══ Available records
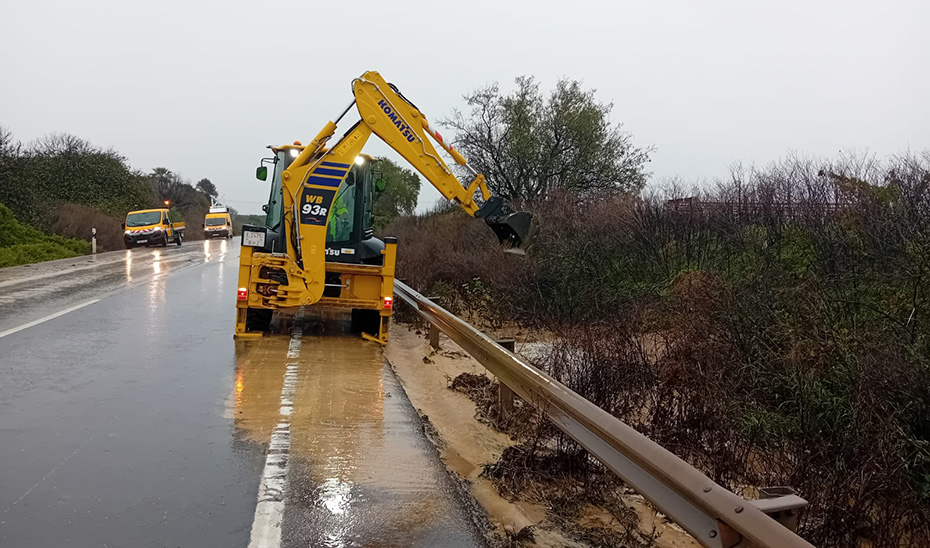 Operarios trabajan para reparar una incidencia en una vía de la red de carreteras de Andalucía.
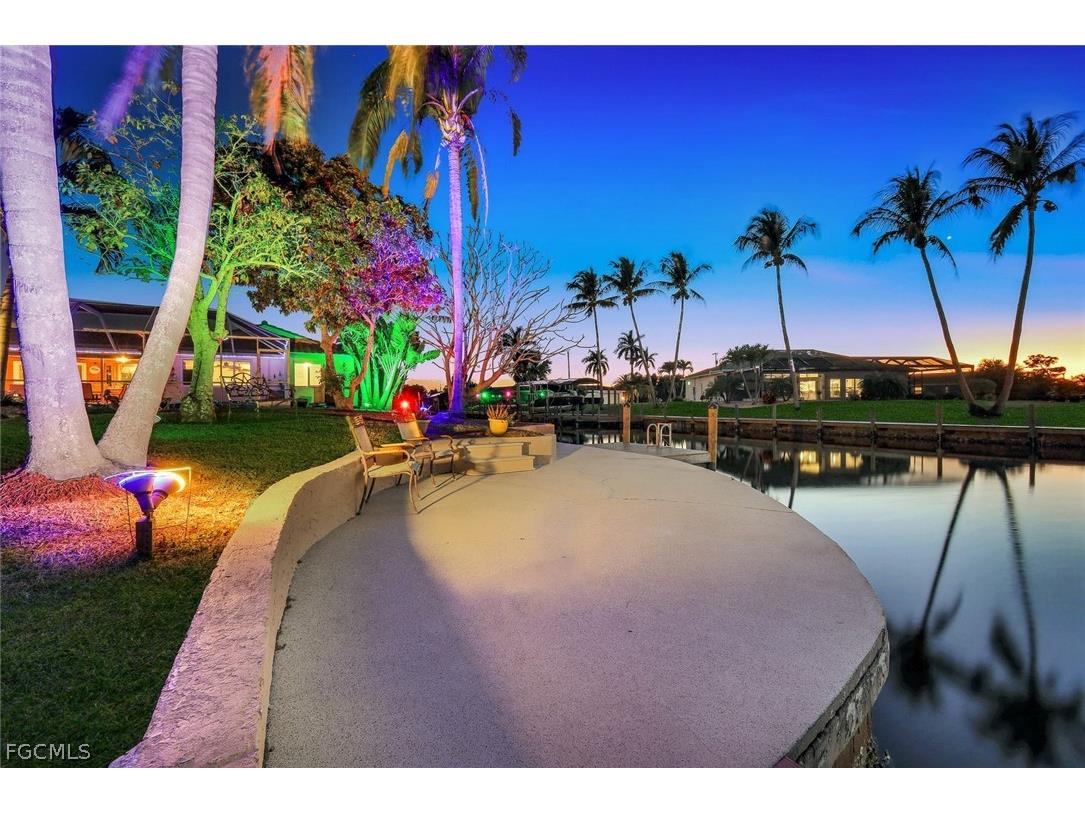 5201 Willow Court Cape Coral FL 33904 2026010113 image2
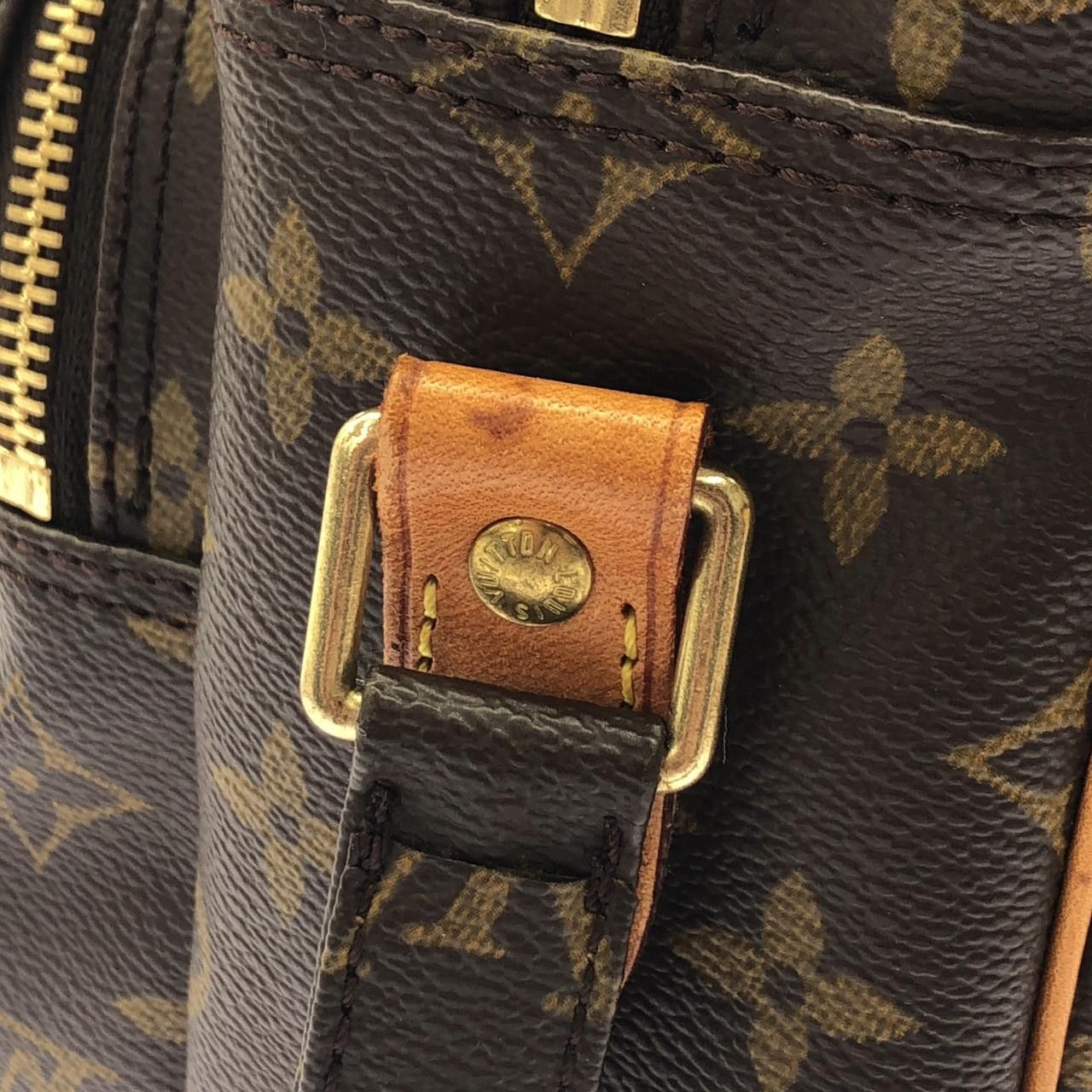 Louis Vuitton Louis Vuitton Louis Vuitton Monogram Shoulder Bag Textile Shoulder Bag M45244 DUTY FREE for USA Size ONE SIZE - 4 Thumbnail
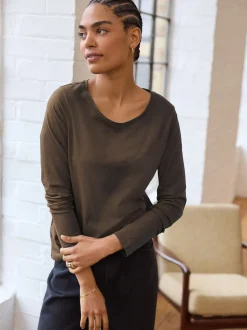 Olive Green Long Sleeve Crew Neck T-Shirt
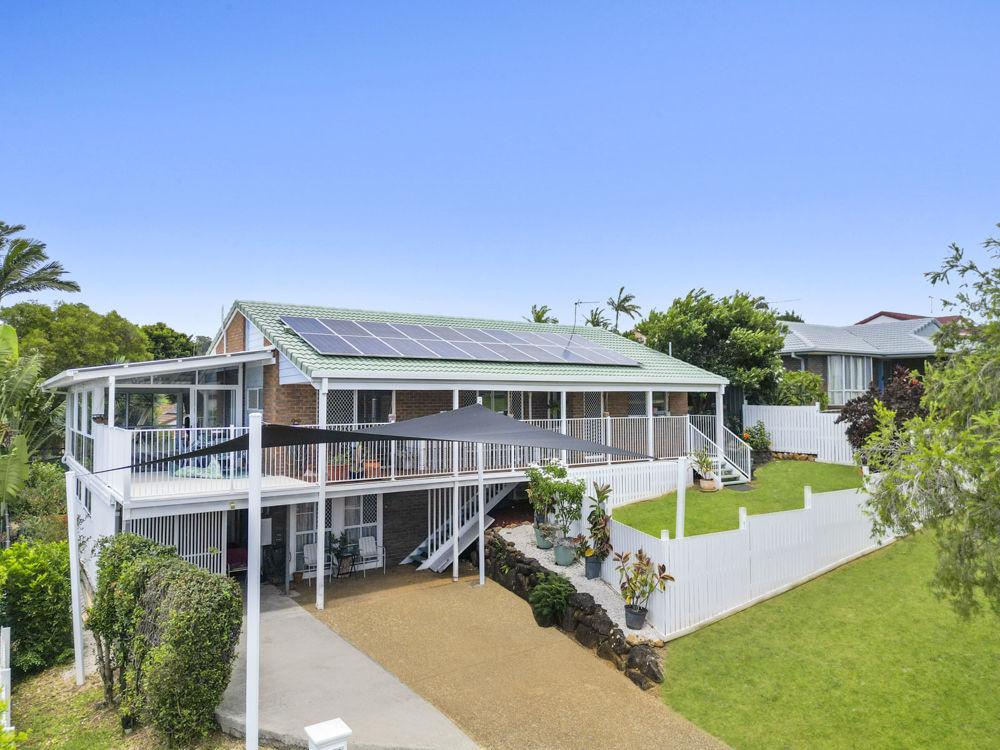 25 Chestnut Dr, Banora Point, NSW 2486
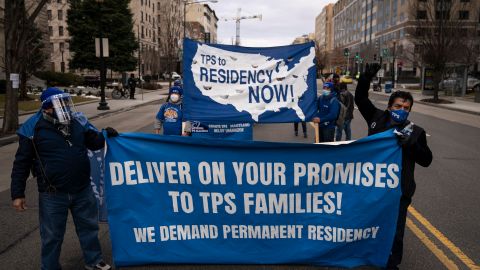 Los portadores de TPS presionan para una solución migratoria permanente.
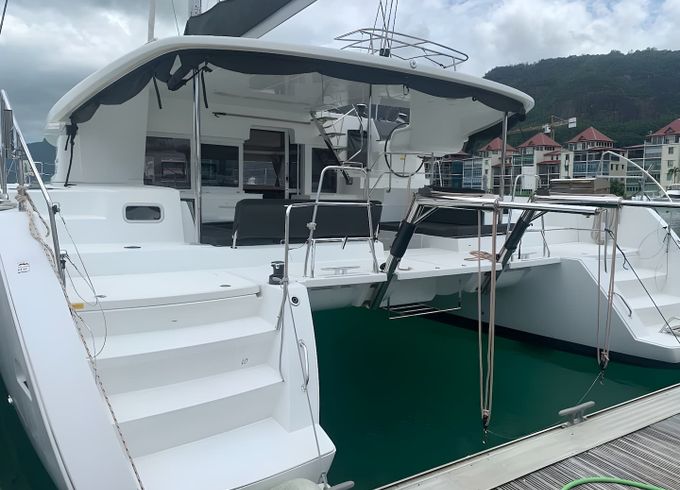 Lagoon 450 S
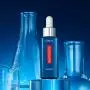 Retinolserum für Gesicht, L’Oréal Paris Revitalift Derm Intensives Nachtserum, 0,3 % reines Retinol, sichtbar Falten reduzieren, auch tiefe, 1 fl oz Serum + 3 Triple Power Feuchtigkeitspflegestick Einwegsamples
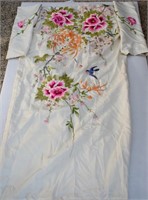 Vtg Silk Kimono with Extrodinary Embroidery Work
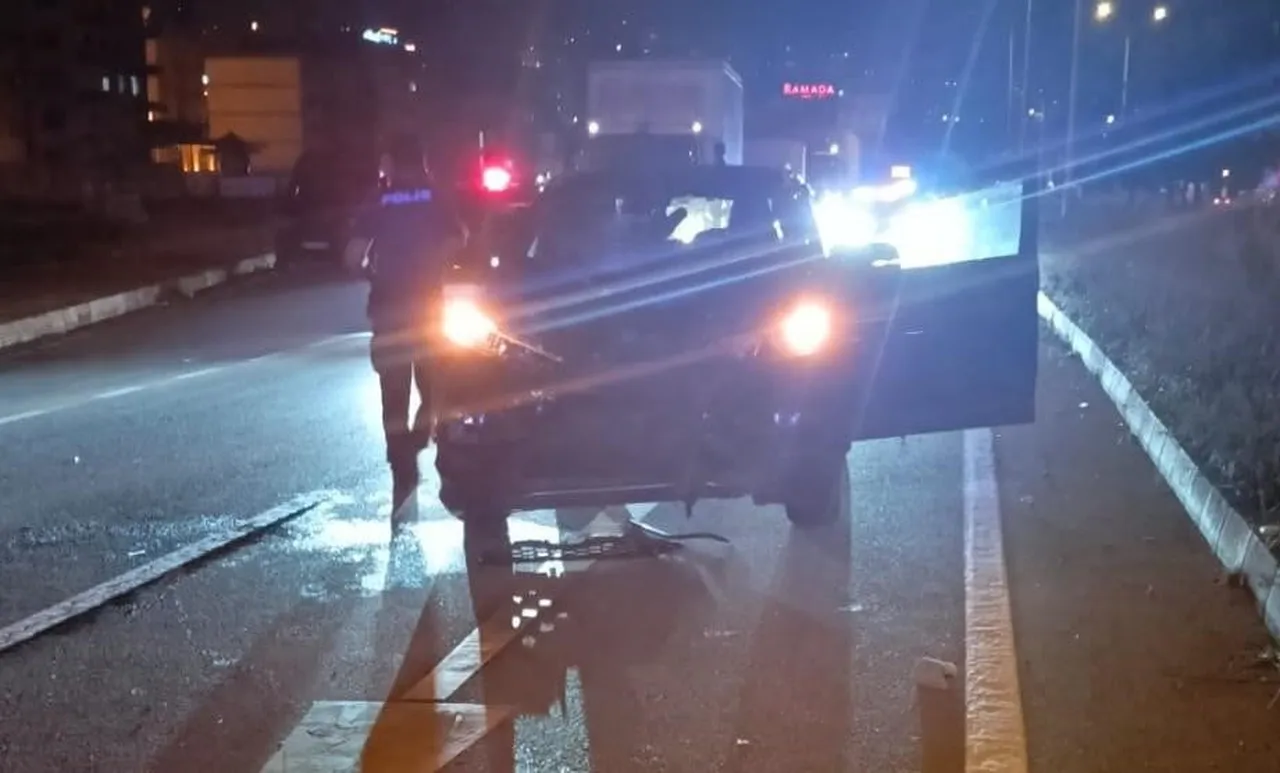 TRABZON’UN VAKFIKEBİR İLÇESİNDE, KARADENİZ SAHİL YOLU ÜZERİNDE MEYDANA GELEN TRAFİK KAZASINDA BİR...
════
**How to complete this task**
The entire listing is to be printed exactly, with each picture omitted.

**Exercise answer**
 Operarios trabajan para reparar una incidencia en una vía de la red de carreteras de Andalucía.
 5201 Willow Court Cape Coral FL 33904 2026010113 image2
 Louis Vuitton Louis Vuitton Louis Vuitton Monogram Shoulder Bag Textile Shoulder Bag M45244 DUTY FREE for USA Size ONE SIZE - 4 Thumbnail
 Olive Green Long Sleeve Crew Neck T-Shirt
 25 Chestnut Dr, Banora Point, NSW 2486
 Los portadores de TPS presionan para una solución migratoria permanente.
 Lagoon 450 S
 Retinolserum für Gesicht, L’Oréal Paris Revitalift Derm Intensives Nachtserum, 0,3 % reines Retinol, sichtbar Falten reduzieren, auch tiefe, 1 fl oz Serum + 3 Triple Power Feuchtigkeitspflegestick Einwegsamples
 Vtg Silk Kimono with Extrodinary Embroidery Work
 TRABZON’UN VAKFIKEBİR İLÇESİNDE, KARADENİZ SAHİL YOLU ÜZERİNDE MEYDANA GELEN TRAFİK KAZASINDA BİR...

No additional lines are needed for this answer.